What needs to be done » Only the line containing "This DOCTOR DOOM" and those after it, up to the end of the records below, are to be set down, exactly as written.

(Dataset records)

☆ ☆ ☆ ☆ ☆ ☆ ☆

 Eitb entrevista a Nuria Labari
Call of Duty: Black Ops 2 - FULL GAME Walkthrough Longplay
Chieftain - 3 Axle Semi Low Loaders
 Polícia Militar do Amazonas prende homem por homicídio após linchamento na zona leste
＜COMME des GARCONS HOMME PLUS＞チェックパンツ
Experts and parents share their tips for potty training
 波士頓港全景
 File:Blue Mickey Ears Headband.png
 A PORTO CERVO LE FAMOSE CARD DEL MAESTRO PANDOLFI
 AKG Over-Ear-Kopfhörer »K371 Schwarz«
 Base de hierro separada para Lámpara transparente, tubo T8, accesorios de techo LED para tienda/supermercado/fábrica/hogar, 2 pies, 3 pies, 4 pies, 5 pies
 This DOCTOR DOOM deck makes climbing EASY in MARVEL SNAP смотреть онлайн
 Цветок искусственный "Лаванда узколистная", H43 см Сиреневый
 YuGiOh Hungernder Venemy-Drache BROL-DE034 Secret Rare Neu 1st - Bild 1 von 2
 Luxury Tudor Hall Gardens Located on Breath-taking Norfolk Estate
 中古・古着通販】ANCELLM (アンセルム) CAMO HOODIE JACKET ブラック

☆ ☆ ☆ ☆ ☆ ☆ ☆

Response to this exercise »
 This DOCTOR DOOM deck makes climbing EASY in MARVEL SNAP смотреть онлайн
 Цветок искусственный "Лаванда узколистная", H43 см Сиреневый
 YuGiOh Hungernder Venemy-Drache BROL-DE034 Secret Rare Neu 1st - Bild 1 von 2
 Luxury Tudor Hall Gardens Located on Breath-taking Norfolk Estate
 中古・古着通販】ANCELLM (アンセルム) CAMO HOODIE JACKET ブラック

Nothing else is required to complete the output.